Work order: Below are entries; copy exactly, and only, the lines from the one containing "Ferienwohnung für 4" through their final line, leaving out pictures.

Stored dataset items
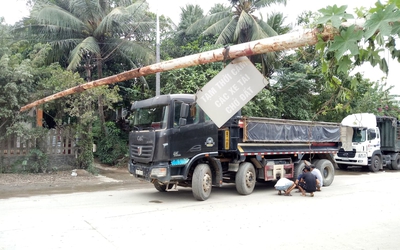 Đà Nẵng: Bức xúc vì ô nhiễm, người dân lập rào chắn chặn xe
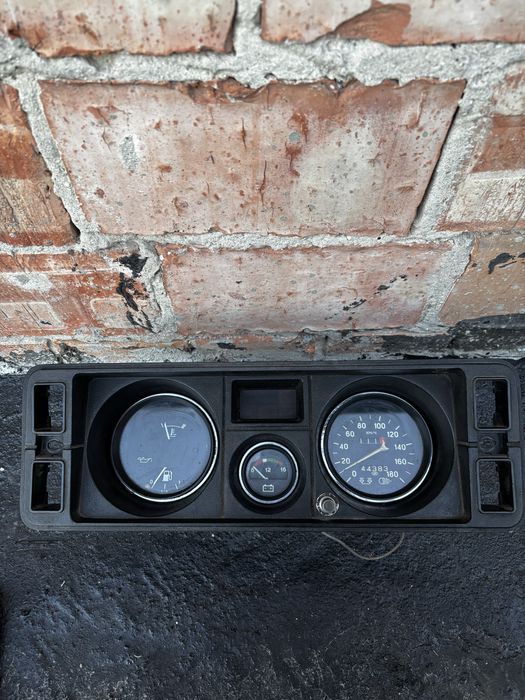 Продам приборну панель, приборку ваз 2104-2105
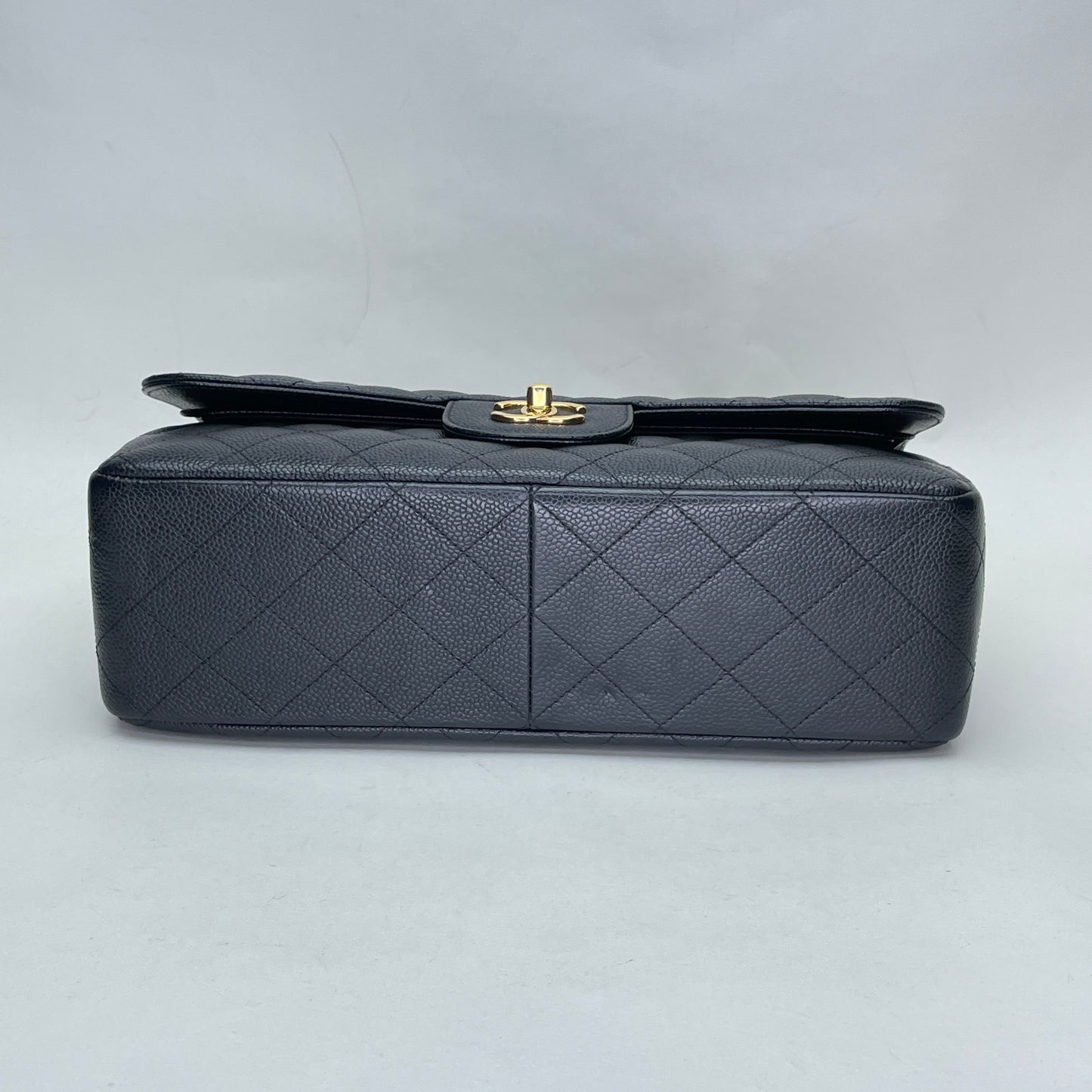 Classic Double Flap Jumbo Black Shoulder Bag in Caviar Leather, Gold hardware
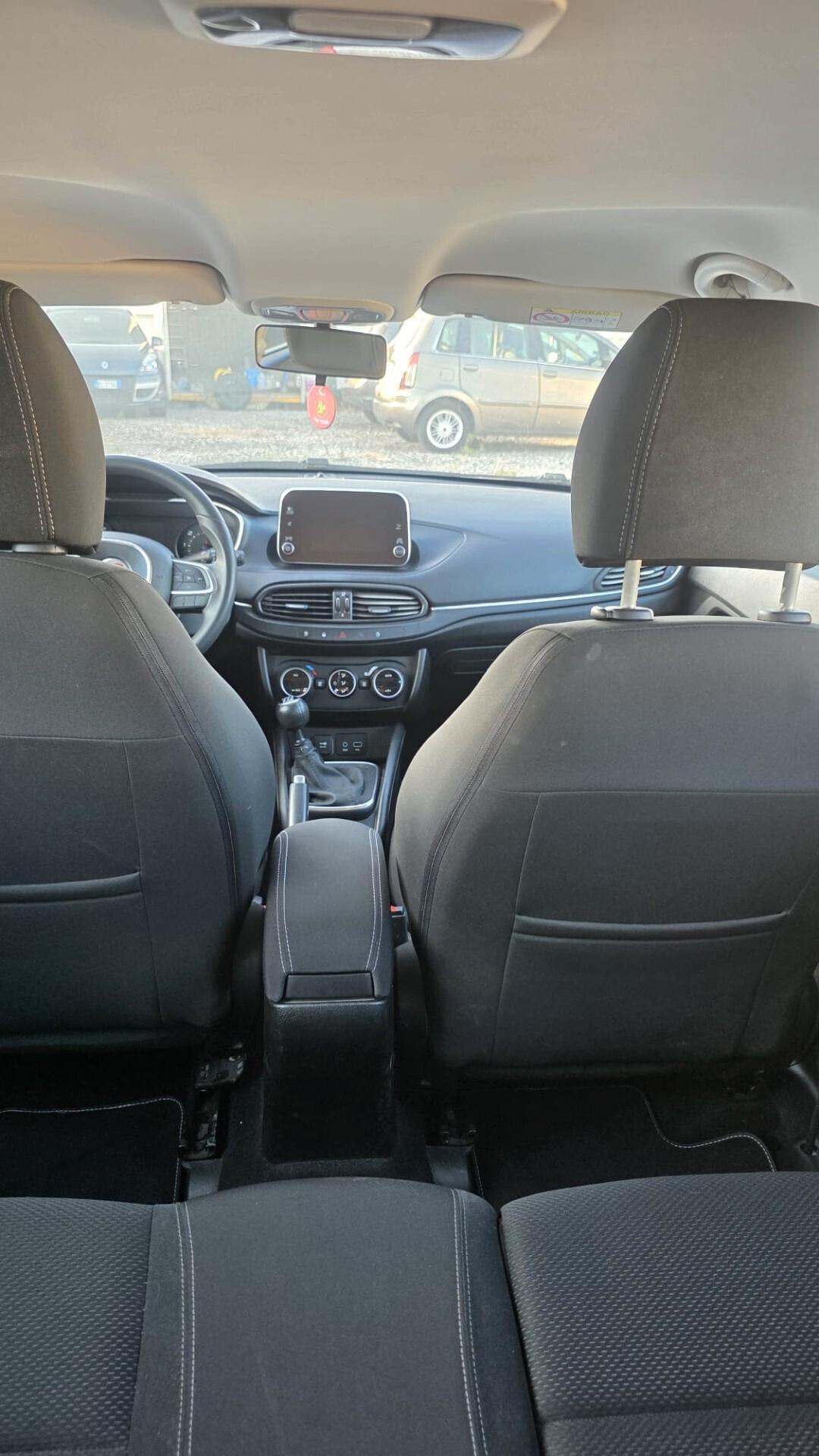 Fiat Tipo 1.6 Mjt S&S SW Lounge
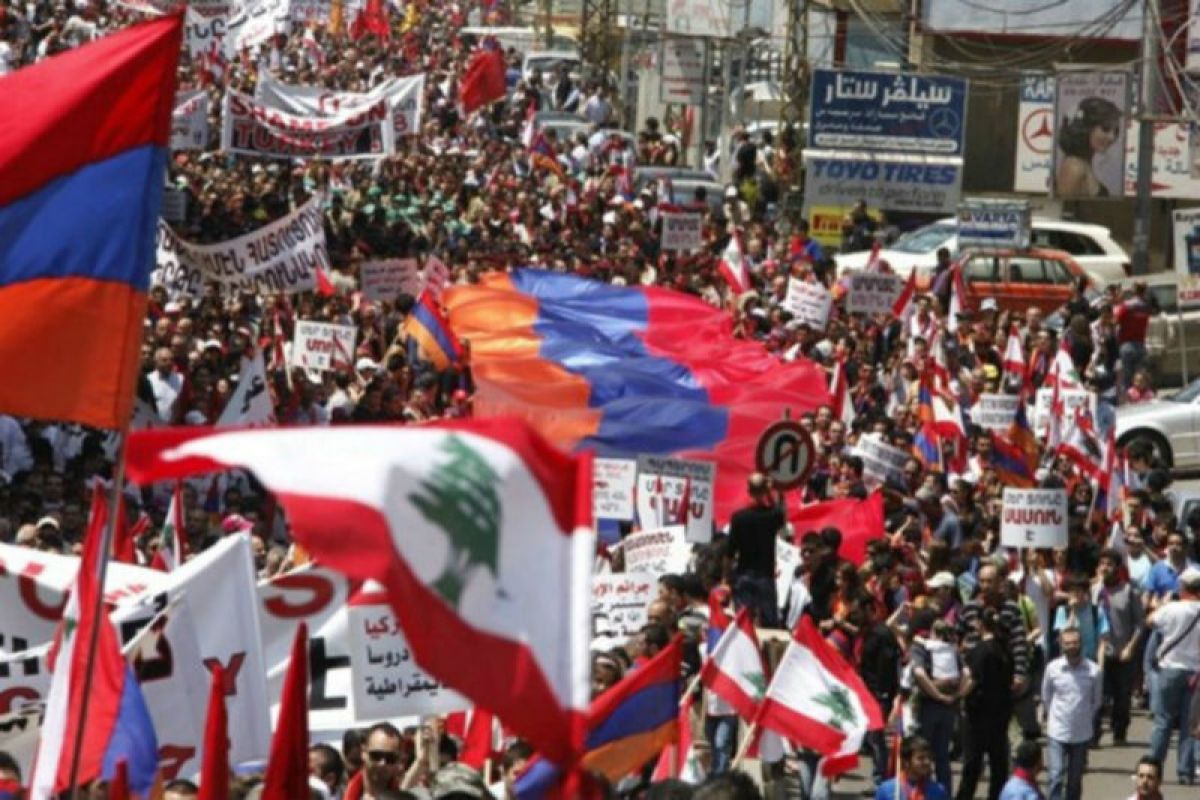 مولوي يسأل الأمن الداخلي عن الإشكال في مظاهرة الأرمن أمام السفارة الأذرية!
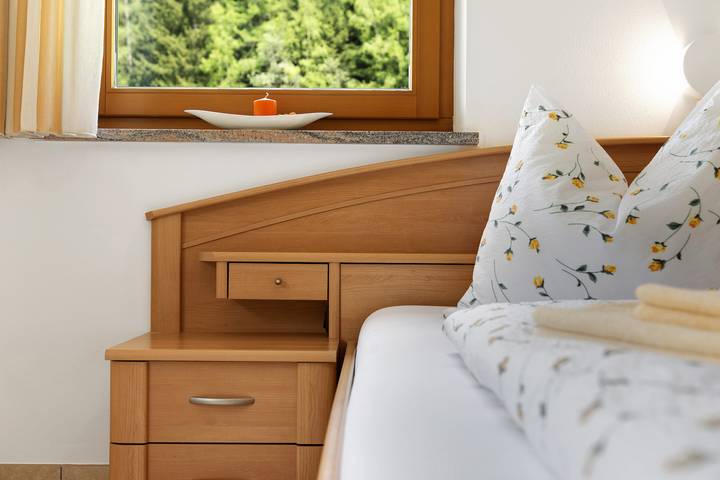 Ferienwohnung für 4 Personen, mit Garten und Whirlpool sowie Balkon in Sarntal - 2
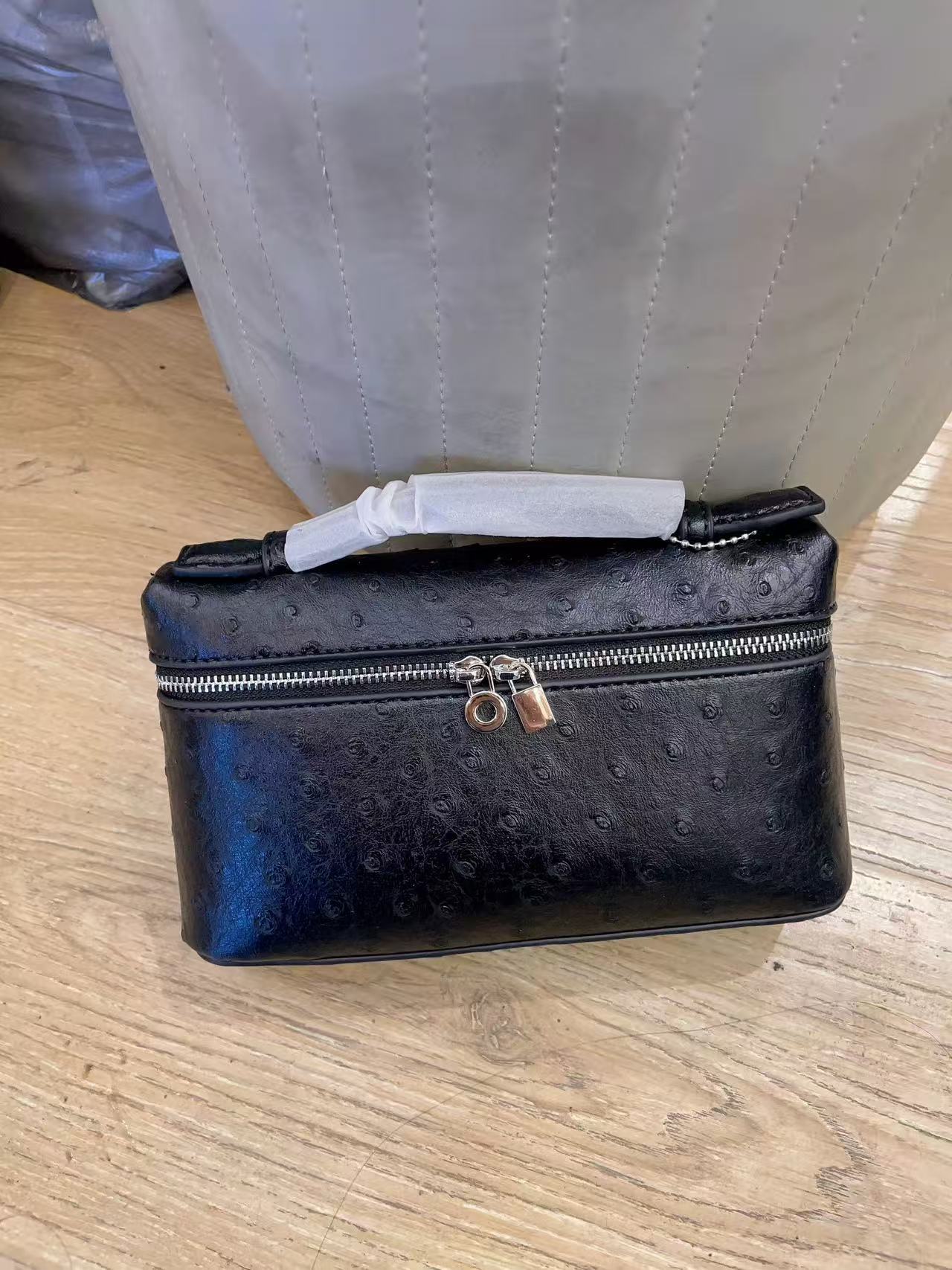 Women's Elegant Ostrich Grain Lunch Box Textured Women's Messenger Bag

Output of the exercise:
 Ferienwohnung für 4 Personen, mit Garten und Whirlpool sowie Balkon in Sarntal - 2
 Women's Elegant Ostrich Grain Lunch Box Textured Women's Messenger Bag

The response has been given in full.